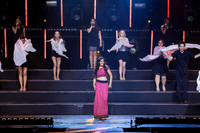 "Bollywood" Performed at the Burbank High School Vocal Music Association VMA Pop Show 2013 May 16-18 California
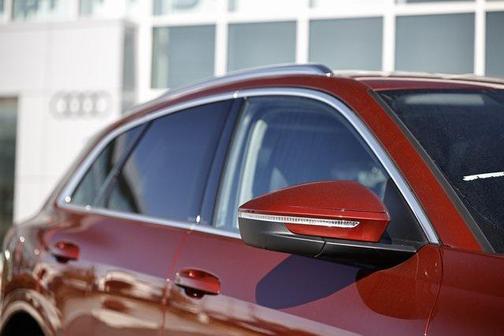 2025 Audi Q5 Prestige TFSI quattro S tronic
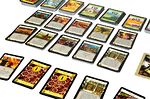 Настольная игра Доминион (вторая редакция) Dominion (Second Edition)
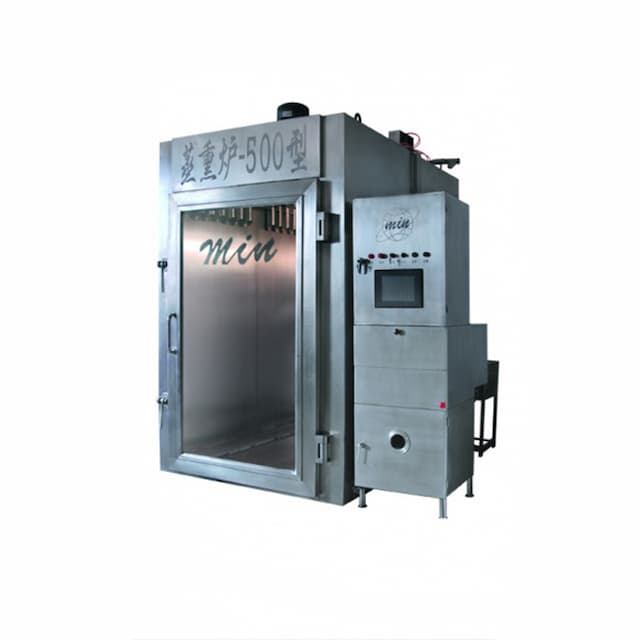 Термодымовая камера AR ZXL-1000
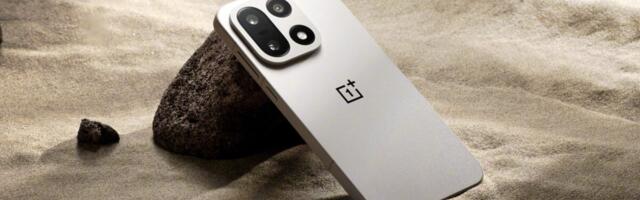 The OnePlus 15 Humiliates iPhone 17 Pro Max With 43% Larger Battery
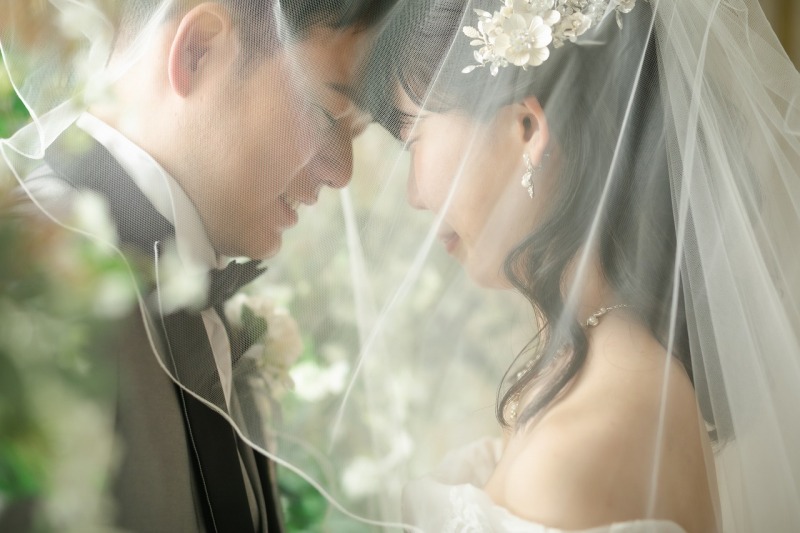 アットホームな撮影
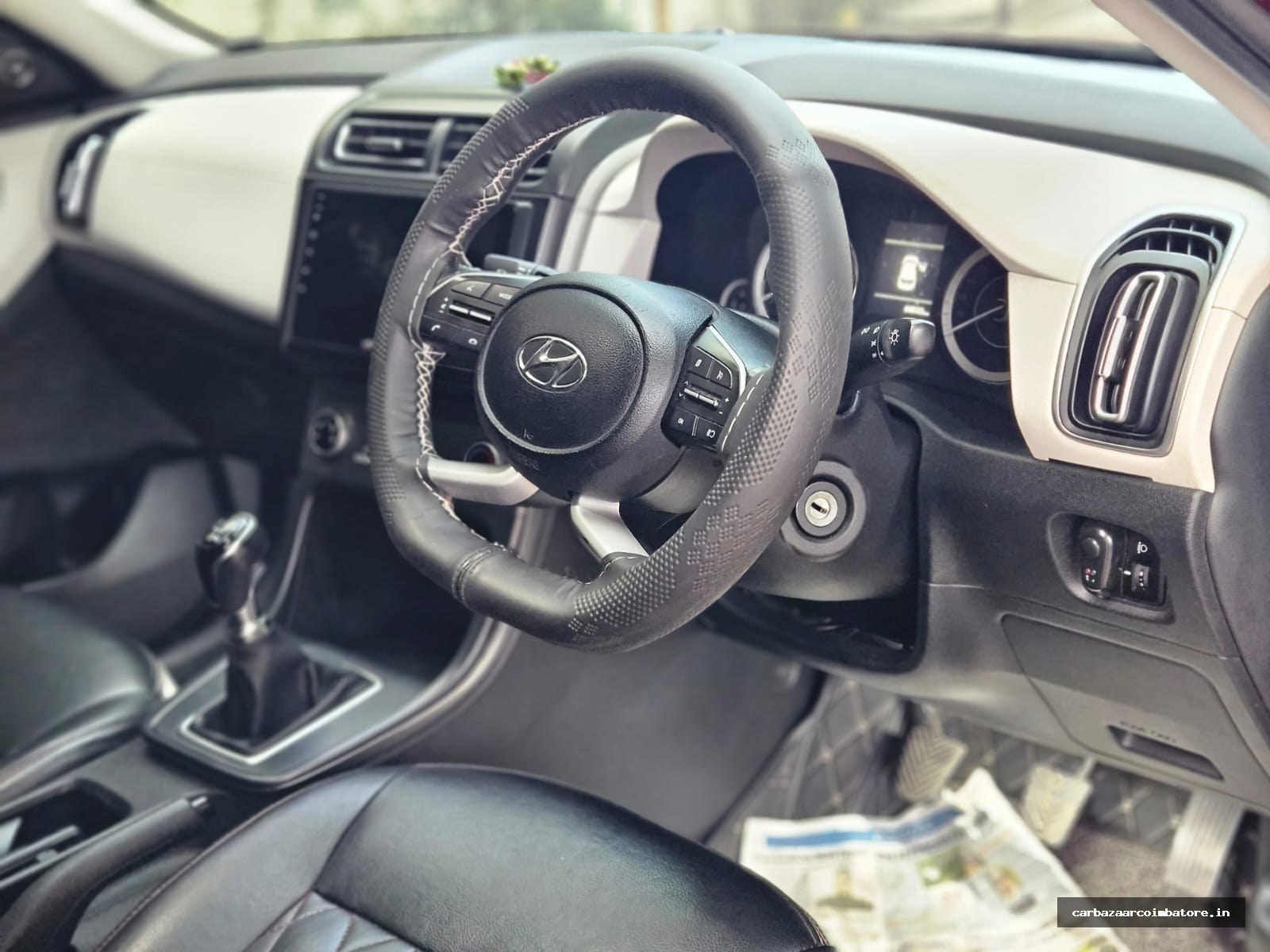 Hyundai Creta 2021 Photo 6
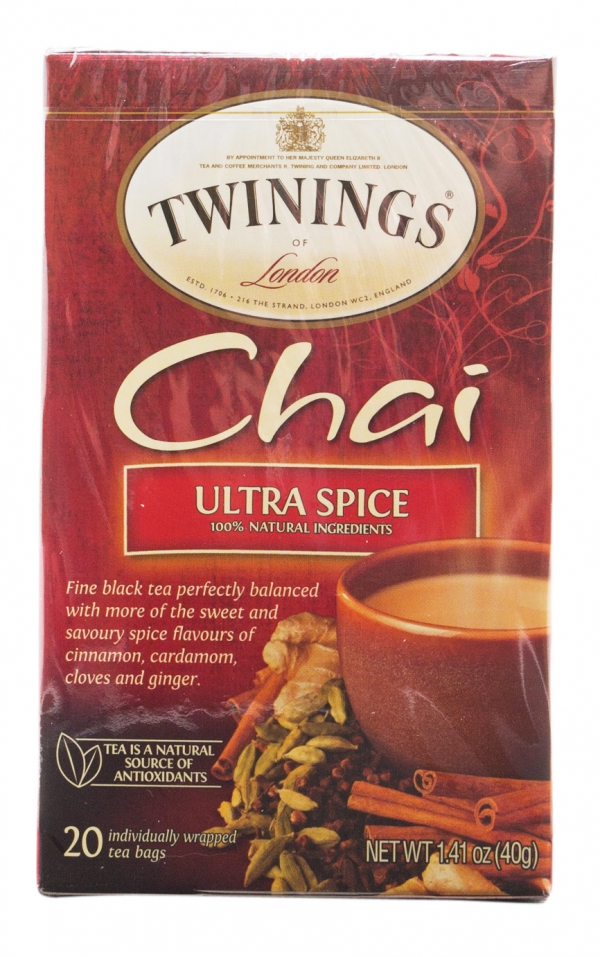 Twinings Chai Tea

**WORK REQUIRED**
If a record holds a picture, leave the picture out and copy the rest exactly.

**COMPLETED EXERCISE**
 "Bollywood" Performed at the Burbank High School Vocal Music Association VMA Pop Show 2013 May 16-18 California
 2025 Audi Q5 Prestige TFSI quattro S tronic
 Настольная игра Доминион (вторая редакция) Dominion (Second Edition)
 Термодымовая камера AR ZXL-1000
 The OnePlus 15 Humiliates iPhone 17 Pro Max With 43% Larger Battery
 アットホームな撮影
 Hyundai Creta 2021 Photo 6
 Twinings Chai Tea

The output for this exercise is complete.